GM’s review of What About Me? The Struggle for Identity in a Market-Based Society is really interesting. This sentence from the review summarizes the gamification of the workplace: “The workplace has been overwhelmed by a mad, Kafkaesque infrastructure of assessments, monitoring, measuring, surveillance and audits, centrally directed and rigidly planned, whose purpose is to reward the winners and punish the losers.” But not only has work been turned into a game in which workers are chips in a vast corporate casino but healthcare is rapidly becoming gamified as workers eat apples for meaningless points that signify conformity and sell precious biometric information to cynical corporations in exchange for discounts on insurance premiums. Elsewhere bets are being placed on who will fall prey to a “catastrophic” illness. Going to get a coy of Prof Verhaeghe’s book. Thanks Tim.
Are there regulations about development projects “from away?” With so little skin in the game, I would hope that developers from out of province would face tougher requirements around proving their model is needed, long-term and relevant to the community of the proposal. I guess what I’m asking is “can somebody google that for me?”

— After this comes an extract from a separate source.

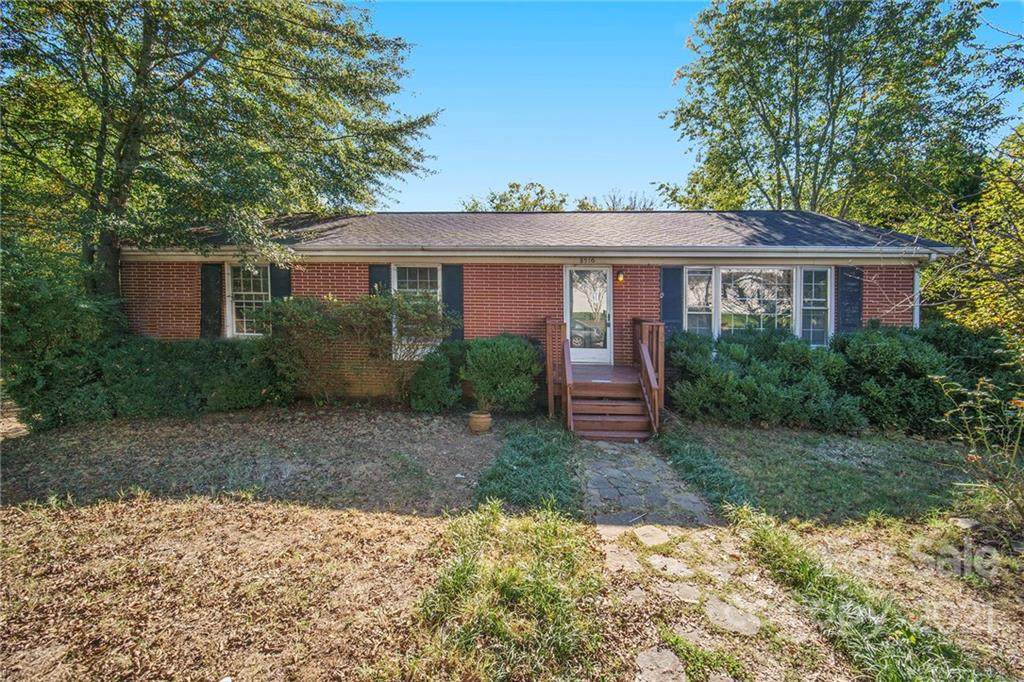 8516 Gilead Road - Photo 1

This housing bubble is deeply troubling; I have no faith that more apartments will lead to lower rental prices as many sites are being marketed as luxury pads. I also find the council vote for St. Theresa’s development fishy, given how obstinate council was for a similar proposal by St. John’s United just blocks away – a proposal that included extensive community consultation and potential space for community non-profits, and had the endorsement (if I recall correctly) of the councillor. Why council would prefer to go with private developers’ proposals rather than community-member-led boards is beyond me — maybe Willow Street’s NIMBY neighbours were better organized? Had more sway with council? Coming back to the Burnside development, we need to examine the level of community engagement with development agencies both from here and from other provinces, particularly if they are coming from regions with such poor housing management records.
Re: joint stocks, they actively refuse to enforce it. Complained several times a few years ago about a few.